Dix ans après, le naufrage du Costa Concordia hante toujours les survivants
Umberto Trotti a
entendu les cris terrifiés de sa femme et de ses enfants et s’est jeté
du Costa Concordia sur un canot de sauvetage à plusieurs mètres en
contrebas pour les rejoindre. « C’était mon instinct, ma famille avait
besoin de moi », a-t-il raconté à l’AFP en amont du 10e anniversaire de
la catastrophe.
« J’ai
sauté d’une hauteur de 3-4 mètres. J’ai atterri sur un Allemand, pauvre
homme », a-t-il ajouté. Le vaste navire de croisière de luxe avait
échoué de nuit devant l’île du Giglio, au large de la Toscane, au milieu
des eaux glacées en ce 13 janvier 2012. Le bilan final allait monter
jusqu’à 32 morts.
La
famille Trotti hésitait à retourner jeudi sur l’île pour une cérémonie
du souvenir et une marche aux flambeaux.

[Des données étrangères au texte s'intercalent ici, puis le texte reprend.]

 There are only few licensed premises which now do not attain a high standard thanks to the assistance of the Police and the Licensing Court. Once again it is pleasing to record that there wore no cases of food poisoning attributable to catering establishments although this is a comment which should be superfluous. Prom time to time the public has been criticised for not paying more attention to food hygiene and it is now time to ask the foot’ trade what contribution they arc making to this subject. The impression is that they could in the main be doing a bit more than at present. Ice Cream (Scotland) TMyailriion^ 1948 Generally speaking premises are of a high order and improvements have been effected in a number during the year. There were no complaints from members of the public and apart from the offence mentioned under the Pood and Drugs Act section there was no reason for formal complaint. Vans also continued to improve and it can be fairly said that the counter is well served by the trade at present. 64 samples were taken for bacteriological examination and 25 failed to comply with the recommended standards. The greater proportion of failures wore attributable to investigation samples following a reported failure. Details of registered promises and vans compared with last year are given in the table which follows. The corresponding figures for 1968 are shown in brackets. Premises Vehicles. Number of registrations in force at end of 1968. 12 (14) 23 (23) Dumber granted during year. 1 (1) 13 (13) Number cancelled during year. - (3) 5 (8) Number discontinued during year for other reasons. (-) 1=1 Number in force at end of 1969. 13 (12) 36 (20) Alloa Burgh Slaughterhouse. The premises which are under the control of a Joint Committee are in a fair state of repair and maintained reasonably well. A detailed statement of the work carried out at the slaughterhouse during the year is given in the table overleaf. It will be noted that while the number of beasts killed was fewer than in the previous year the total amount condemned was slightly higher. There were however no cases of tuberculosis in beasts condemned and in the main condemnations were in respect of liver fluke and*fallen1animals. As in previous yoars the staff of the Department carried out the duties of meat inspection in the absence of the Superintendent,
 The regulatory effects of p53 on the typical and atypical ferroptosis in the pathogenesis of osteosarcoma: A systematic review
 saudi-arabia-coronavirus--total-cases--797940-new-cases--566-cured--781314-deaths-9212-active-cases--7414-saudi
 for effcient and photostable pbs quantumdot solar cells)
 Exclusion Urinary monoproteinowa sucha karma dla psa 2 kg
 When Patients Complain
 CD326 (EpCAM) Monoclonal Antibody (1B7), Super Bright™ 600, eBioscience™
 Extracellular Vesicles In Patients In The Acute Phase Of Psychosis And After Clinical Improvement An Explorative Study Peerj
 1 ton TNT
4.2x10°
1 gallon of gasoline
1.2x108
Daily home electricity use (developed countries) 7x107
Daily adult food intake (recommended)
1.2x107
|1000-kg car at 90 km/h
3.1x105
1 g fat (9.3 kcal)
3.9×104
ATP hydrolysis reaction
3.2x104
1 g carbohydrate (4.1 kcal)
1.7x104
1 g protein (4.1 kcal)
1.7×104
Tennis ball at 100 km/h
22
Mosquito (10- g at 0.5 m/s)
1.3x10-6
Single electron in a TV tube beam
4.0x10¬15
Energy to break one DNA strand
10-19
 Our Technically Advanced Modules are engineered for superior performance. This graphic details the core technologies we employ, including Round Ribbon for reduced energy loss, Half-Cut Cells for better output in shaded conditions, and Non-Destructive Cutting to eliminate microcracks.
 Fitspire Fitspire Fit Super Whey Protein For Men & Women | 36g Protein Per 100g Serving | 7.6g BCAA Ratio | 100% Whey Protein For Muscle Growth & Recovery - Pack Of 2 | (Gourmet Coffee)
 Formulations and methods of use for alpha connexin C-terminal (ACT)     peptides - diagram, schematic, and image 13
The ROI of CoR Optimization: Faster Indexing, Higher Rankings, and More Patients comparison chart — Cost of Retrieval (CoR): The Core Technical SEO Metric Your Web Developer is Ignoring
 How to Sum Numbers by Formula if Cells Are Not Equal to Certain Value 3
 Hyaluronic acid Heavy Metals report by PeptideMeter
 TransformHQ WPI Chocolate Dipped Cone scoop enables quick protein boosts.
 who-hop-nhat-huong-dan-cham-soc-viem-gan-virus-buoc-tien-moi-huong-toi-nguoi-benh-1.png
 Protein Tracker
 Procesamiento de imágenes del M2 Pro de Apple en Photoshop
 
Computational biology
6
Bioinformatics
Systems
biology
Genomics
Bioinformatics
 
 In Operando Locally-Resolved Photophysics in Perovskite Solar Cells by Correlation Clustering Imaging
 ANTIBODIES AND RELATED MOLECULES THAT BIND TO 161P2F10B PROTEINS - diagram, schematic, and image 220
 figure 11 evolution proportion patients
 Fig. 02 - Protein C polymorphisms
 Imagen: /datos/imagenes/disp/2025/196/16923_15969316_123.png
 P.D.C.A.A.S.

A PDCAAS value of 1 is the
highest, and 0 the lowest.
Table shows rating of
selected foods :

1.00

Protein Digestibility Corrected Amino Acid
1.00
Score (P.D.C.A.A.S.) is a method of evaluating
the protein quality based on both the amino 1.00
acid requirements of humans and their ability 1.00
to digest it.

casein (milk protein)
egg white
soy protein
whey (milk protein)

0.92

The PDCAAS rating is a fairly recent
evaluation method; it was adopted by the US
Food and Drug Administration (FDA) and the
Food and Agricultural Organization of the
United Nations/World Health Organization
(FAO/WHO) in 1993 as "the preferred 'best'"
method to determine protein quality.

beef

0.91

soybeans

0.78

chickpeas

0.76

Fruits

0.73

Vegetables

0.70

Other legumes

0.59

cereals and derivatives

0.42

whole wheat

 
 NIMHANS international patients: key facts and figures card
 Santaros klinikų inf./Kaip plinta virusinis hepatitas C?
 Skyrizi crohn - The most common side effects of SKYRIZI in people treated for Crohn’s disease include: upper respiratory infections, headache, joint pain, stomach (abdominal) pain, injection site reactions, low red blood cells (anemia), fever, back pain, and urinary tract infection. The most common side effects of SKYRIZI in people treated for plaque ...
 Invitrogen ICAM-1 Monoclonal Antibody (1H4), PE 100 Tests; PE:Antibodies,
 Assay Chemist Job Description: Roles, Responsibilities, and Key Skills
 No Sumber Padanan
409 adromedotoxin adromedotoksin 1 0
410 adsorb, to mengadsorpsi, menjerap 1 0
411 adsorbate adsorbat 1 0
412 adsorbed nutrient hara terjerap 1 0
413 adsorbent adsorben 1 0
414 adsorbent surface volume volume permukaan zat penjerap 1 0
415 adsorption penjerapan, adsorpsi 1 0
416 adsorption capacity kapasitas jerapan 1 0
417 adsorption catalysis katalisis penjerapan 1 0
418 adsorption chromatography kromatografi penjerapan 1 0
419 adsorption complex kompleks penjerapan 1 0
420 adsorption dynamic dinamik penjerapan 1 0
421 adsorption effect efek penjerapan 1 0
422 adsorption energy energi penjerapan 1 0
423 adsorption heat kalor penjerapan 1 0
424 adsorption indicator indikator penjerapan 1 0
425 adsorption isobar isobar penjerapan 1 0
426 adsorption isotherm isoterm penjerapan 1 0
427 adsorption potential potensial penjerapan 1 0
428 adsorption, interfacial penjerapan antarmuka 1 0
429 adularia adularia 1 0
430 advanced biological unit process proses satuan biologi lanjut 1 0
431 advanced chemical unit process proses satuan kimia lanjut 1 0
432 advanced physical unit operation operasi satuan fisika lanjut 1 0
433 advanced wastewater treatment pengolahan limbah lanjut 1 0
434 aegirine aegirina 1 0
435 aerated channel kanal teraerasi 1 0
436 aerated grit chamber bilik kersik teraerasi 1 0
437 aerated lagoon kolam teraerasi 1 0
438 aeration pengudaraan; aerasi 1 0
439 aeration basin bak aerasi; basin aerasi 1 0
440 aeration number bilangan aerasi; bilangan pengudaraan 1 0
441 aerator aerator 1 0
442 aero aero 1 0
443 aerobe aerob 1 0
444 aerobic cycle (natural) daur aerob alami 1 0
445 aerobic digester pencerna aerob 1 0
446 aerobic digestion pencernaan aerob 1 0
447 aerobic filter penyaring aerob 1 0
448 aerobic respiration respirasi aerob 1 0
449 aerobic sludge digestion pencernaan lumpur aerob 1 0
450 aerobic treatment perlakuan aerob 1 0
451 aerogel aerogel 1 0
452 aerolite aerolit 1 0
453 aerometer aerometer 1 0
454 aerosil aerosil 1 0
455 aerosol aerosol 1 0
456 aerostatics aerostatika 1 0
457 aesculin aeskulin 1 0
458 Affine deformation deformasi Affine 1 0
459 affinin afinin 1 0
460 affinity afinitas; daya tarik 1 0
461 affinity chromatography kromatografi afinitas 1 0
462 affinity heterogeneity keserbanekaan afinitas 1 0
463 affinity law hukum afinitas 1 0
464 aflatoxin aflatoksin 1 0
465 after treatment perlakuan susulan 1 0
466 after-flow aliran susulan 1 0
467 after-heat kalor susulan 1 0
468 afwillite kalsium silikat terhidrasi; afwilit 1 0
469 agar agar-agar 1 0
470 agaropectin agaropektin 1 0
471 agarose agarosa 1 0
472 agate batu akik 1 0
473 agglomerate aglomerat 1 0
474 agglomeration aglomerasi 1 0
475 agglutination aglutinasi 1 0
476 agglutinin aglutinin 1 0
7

Les sirènes de bateau et les
cloches d’église retentiront sur l’île à 21h45 pour commémorer le moment
où le navire a heurté un récif.
Umberto
Trotti, 44 ans, et sa femme Fjorda, 33 ans, sont retournés sur place un
an après la tragédie, mais ont trouvé cette expérience traumatisante.
Le couple avait choisi cette croisière pour fêter leur lune de miel avec
leur fillette de deux ans Francesca et leur nouveau-né de six mois
Carlo.« J’étais sous le choc”« C’était
censé être le meilleur moment de notre vie », confie Umberto. « Ceux qui
n’étaient pas à bord ne comprendront jamais. J’étais sous le choc. Je
marchais comme un zombie. » Le Concordia, qui transportait 4.229
personnes venant de 70 pays, s’est échoué, alors que de nombreux
passagers étaient en train de dîner.Le
commandant du navire Francesco Schettino, condamné par la suite à 16
ans de prison, a tardé à faire sonner l’alarme et fut en outre l’un des
premiers à quitter le navire. Les gens ont paniqué lorsque l’électricité
a été coupée, plongeant le bateau dans l’obscurité.
L’évacuation
a commencé plus d’une heure après la collision, alors qu’à ce stade,
tous les canots de sauvetage situés sur un côté du navire étaient
inutilisables. »Nous
avons été sauvés par un cuisinier venant de Côme » en Lombardie (nord),
se rappelle Umberto Trotti, dont la famille était en train de dîner au
Ristorante Milano quand le navire s’est échoué.
Paolo
Maspero, qui portait encore sa toque de cuisinier, « a pris dans ses
bras mon fils de six mois et (…) nous a conduits dehors. L’eau
montait. S’il n’était pas venu à notre secours, nous serions morts »,
souligne M. Trotti, qui ne savait pas nager.Sur
des images filmées plus tard par les gardes-côtes, on peut voir des
plongeurs à la recherche de victimes dans le restaurant envahi par les
eaux.
Plus
haut sur le pont numéro 5, le pianiste Antimo Magnotta est tombé de son
tabouret, quand le bateau a brusquement penché sur le côté. Avec
d’autres membres d’équipage, il s’est retrouvé entouré de passagers
terrorisés.
« Une
femme est venue vers moi avec deux enfants en bas âge. Elle était comme
une tigresse, une lionne, elle m’a pratiquement agressé. Elle m’a dit:
‘Vous devez me dire quoi faire pour sauver mes enfants' », a raconté à
l’AFP M. Magnotta, auteur d’un livre intitulé “Le pianiste du Costa Concordia”Il
a tenté de rassurer les passagers en leur disant que le capitaine
ferait une annonce. « Je leur ai promis. Mais Schettino n’a jamais parlé.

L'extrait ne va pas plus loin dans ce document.